Las semanas que estuve en la isla de Zanzíbar, Tanzania, conocí a algunos descendientes del famoso sultán Said de Zanzíbar y Omán y el palacio donde cohabitaba con sus 64 mujeres. No todas residían en palacio, las mayores vivían con sus hijos adultos en casas aledañas. La principal, única mujer con la que se casó, tenía un lugar predominante: no convivía con las demás concubinas, sólo con los hijos de éstas, con quienes desayunaba todos los días en compañía del sultán. El palacio se ha vuelto museo y allí encontré en venta el libro de Emily Ruete, Memorias de una princesa árabe, considerada la primera autobiografía escrita por una mujer árabe, en 1886. La princesa describe su vida en la corte de Zanzíbar y las vicisitudes que afrontó al huir con un comerciante alemán, embarcándose hacia Europa, convirtiéndose al cristianismo y aprendiendo a vivir una nueva vida en Hamburgo. Fue una bella coincidencia que aquellas semanas me hospedara junto a las ruinas del palacio Mtoni, donde nació la princesa Emily, o Salme en su nombre árabe. Los dos tuvimos al frente el mismo mar, el mismo azul Zanzíbar. Acaso los dos intuimos que la vida siempre está en otra parte. Aquí mismo pero en otra parte.

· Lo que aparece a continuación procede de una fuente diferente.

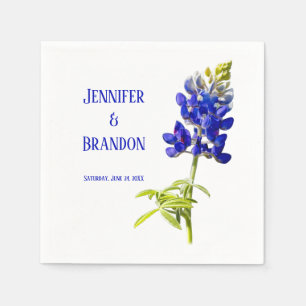 Servilleta De Papel Floral de azul sobre blanco, Boda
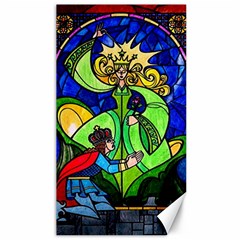 Beauty And The Beast Stained Glass Rose Canvas 40  X 72  by Sarkoni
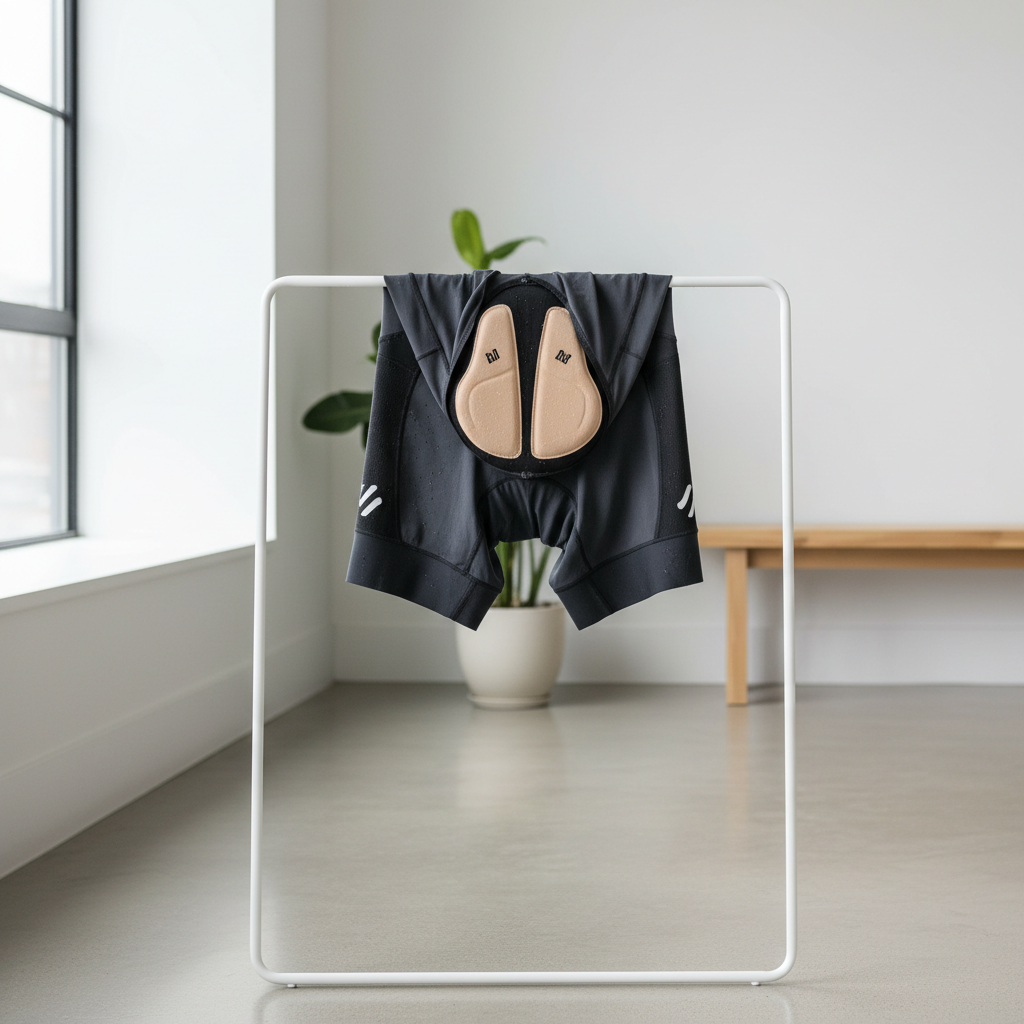 Air-drying padded cycling shorts on a rack in a well-ventilated room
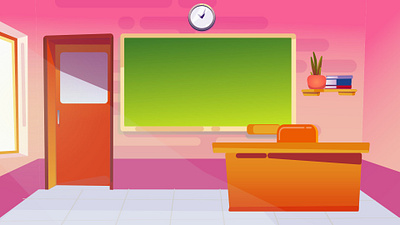 Vibrant Classroom Interior: Flat Design Learning Environment Ill school background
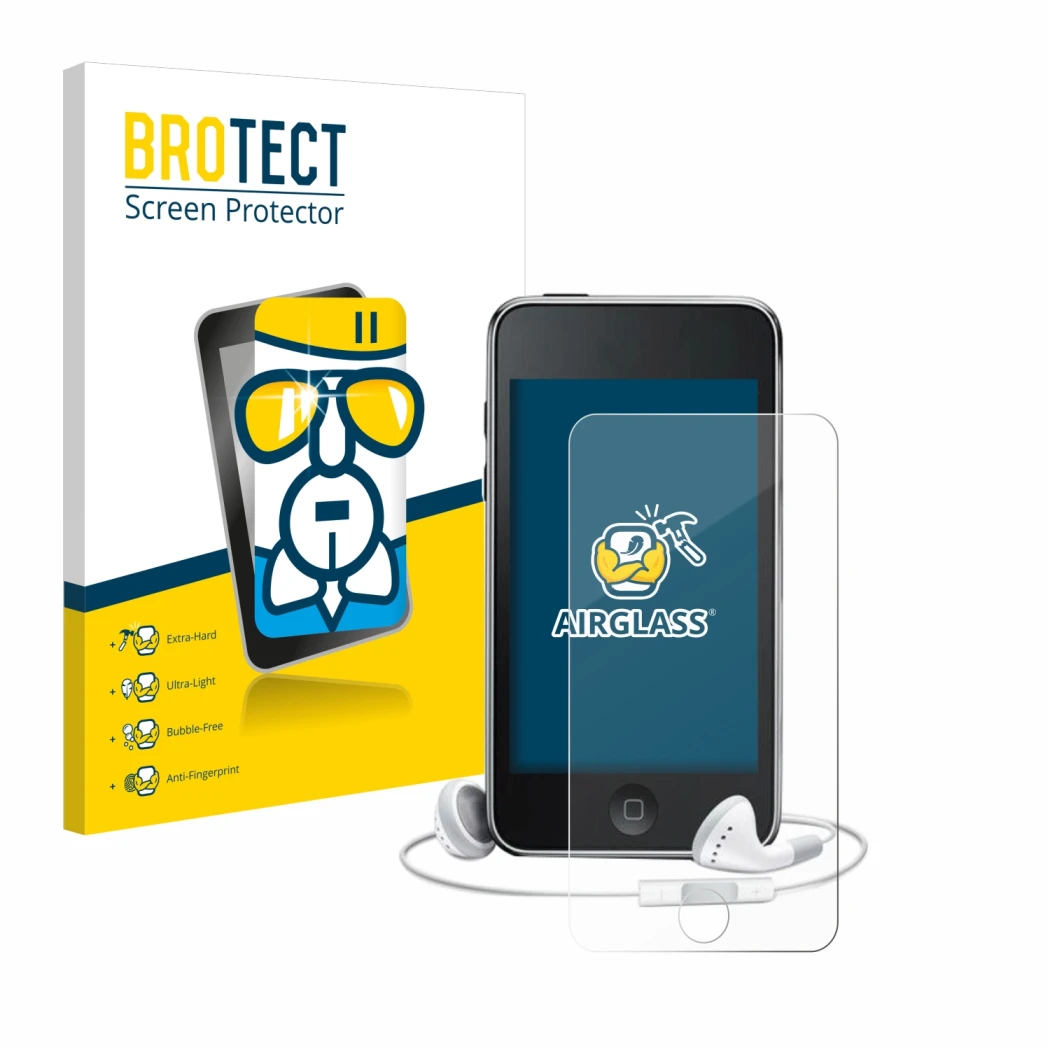 Front side of a product packaging with the brand logo BROTECT. Next to it is the device Apple iPod Touch (3rd Gen.) shown with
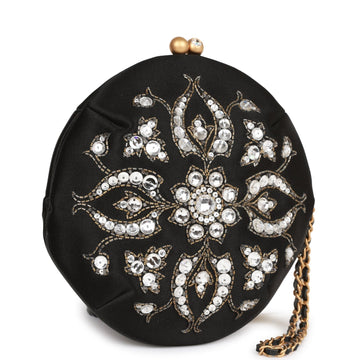 Top Quality Chanel Clutch Bag Black Satin Embellished Antique Gold Hardware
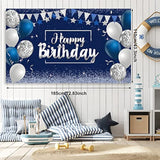 Birthday Party Decorations Confetti Balloons Kit Happy Birthday Photography Backdrop Banner Tablecloths For Boys Girls Men Women Birthday Party Supplies Decor(Navy Blue And Silver)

En una barcaza en el mar de Zanzíbar.


Además de ser un lugar verdaderamente idílico, fue el escenario donde se desplegó un sorprendente intercambio cultural entre Oriente, Occidente y África, uno de los sitios más emblemáticos en la historia intercultural de la humanidad. Árabes, indios, africanos, europeos, todos se daban cita en este magnético archipiélago. Era paso obligado por la ruta de las especias de la India, de la seda de Oriente, de la nuez moscada de Indonesia y, tristemente, donde se concentraba el tráfico de esclavos. Trata de negros que no fue prohibida en Zanzíbar sino hasta el siglo xix. Podemos imaginar, seis siglos atrás, el despliegue de un rico intercambio mercantil a la vera de batallas por el dominio de la región. Quien gobernara Zanzíbar tenía las llaves de la ciudad portuaria más importante de aquella época.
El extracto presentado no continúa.